The largest ag project  at Clermont in 2023-24 is the replacement of the large, two-story bank barn which burned in 2018. 

 Along with the spaces for animal management, birthing and care on the ground floor and hay storage on the second, we lost all the farm's major equipment, space for archaeological and architectural artifact storage, and our largest educational space.  While we lost a spectacular example of an early-20th century bank barn, we hope to gain two modern one-story barns which, though smaller combined than the former barn, will be more suited to today's labor force and today's technology. As an historical agricultural site, the new animal barn will also have exhibits telling the story of agriculture in the Shenandoah Valley in the 19th and 20th centuries, based on the differences between the 1917 barn (and its corn crib of 1849) and the new replacement barns.

A secondary project was the work to renew with the USDA our original 15-year contract for best management practices ("bmp's") to improve stream water quality and our farm animals. 

This involved renewing the "riparian buffer" or CREP (Conservation Reserve) along Dog Run (a tributary of the Shenandoah River), which crosses the entire farm for a distance of about one mile.  This is a fenced enclosure at least 50 feet off each side  of the creek with designated crossings. Renewal required the removal of extensive invasives (Tree of Heaven, Bradford Pears, Japanese Honeysuckle, Autumn Olive, etc.) and the planting of hundreds of native tree species that like water. 

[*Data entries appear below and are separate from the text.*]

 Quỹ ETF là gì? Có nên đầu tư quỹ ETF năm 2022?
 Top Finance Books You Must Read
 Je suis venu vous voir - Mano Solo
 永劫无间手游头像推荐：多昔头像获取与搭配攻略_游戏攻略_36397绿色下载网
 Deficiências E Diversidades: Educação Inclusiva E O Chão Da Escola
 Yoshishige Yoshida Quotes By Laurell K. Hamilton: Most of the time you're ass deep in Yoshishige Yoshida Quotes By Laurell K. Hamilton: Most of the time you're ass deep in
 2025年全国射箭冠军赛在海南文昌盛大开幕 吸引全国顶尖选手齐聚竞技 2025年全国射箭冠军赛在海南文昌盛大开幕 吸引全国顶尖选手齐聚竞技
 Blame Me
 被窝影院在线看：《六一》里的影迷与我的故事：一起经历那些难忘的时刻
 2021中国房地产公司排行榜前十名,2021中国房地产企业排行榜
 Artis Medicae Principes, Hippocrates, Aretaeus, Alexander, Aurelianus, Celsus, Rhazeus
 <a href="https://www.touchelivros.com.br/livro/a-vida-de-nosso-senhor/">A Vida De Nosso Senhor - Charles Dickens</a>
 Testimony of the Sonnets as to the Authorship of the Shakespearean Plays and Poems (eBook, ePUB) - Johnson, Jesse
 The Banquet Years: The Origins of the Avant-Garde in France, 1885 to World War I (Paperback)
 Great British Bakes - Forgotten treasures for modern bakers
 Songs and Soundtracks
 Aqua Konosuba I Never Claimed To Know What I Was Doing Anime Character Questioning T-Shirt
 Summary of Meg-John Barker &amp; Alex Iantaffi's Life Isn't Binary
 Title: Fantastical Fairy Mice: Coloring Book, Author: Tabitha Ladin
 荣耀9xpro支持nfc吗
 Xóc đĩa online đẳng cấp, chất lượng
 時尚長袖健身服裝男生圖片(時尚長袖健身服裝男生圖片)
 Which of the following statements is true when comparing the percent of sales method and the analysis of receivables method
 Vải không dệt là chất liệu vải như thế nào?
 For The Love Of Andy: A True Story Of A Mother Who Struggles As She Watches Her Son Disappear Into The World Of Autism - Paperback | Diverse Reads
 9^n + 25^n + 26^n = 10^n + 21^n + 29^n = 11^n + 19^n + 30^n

This provides a natural filter strip to catch run-off from the fields. It keeps farm animals out of the stream to prevent break down of the banks, stirred-up sediment in the water (killing off water flora and fauna), and manure pollution.   It also actively improves wildlife habitat.  We see American Mink along the stream, and the majority of the many species of birds at Clermont in the annual Christmas Bird Count are found along the stream.  Dog Run is officially an "impaired stream", but Clermont is trying to do its part not just for the Chesapeake and the Shenandoah, but also for our local stream, the benefit of our farm animals, and of the overall ecosystem of the farm, including our large teaching colony of bees. For similar purposes, we also enclosed a wetland rising from a small spring near the farm's entrance.  The Piedmont Environmental Council, the Shenandoah Valley Alliance, the USDA-Natural Resources and Conservation Service, and the Virginia Dept. of Forestry were major partners in this project. Our Fall Native Plant Sale (Sunday, October 8, 2023, see EVENTS) will highlight this project.